If you cannot resolve startup problems associated with missing or conflicting data dictionary files, you can force the SQLFire member to complete its startup by using the sqlfire.datadictionary.allow-startup-errors property. This property enables you to startup a SQLFire member even if the volume or directory in which a disk store was created no longer exists; you can recreate the disk store manually, after forcing the member to restart.

Connection Problems

These are common problems that occur when connecting to a SQLFire distributed system:
  • You receive SQL State 08001 Error: 'Failed after trying all available servers: []'

    This problem can be caused if you specify null values for the username and password connection properties in the JDBC connection URL. Some third-party tools specify automatically supply null values but include the connection properties if you do not specify user credentials.

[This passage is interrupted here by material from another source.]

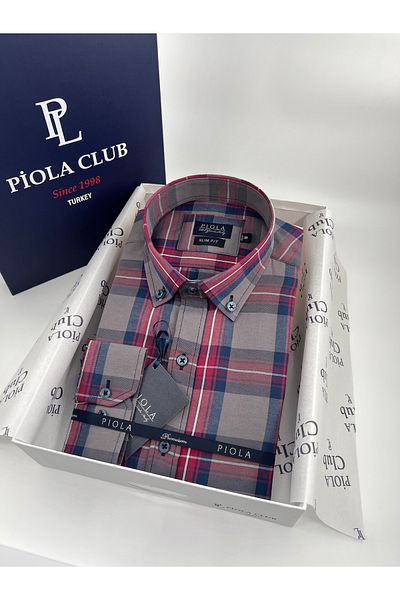 Piola Club Γκρι καρό ανδρικό πουκάμισο με μακρύ μανίκι χωρίς τσέπη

    If authentication is disabled in your distributed system, then you can specify any temporary user name and password value when connecting. Connect to vFabric SQLFire with JDBC Tools provides more details.

WAN Replication Problems

In WAN deployments, tables may fail to synchronize between two SQLFire distributed systems if the tables are not identical to one another (see Create Tables with Gateway Senders). If you have configured WAN replication between sites but a table fails to synchronize because of schema differences, follow these steps to correct the situation:
  1. Stop the gateway senders and gateway receivers in each SQLFire distributed system. See Start and Stop Gateway Senders.
  2. Use ALTER TABLE to add or drop columns on the problem table, to ensure that both tables have the same column definitions. Compare the output of the describe command for each table to ensure that the tables are the same. Or, use sqlf write-schema-to-sql in each distributed system to compare the DDL statements used to create each table.
  3. Use the SYS.GET_TABLE_VERSION Function to verify that both table have the same version in the data dictionary of each SQLFire cluster. If the versions do not match, use SYS.INCREMENT_TABLE_VERSION with the table having the smaller version to make both table versions equal.
  4. Restart gateway senders and gateway receivers for the distributed systems. See Start and Stop Gateway Senders.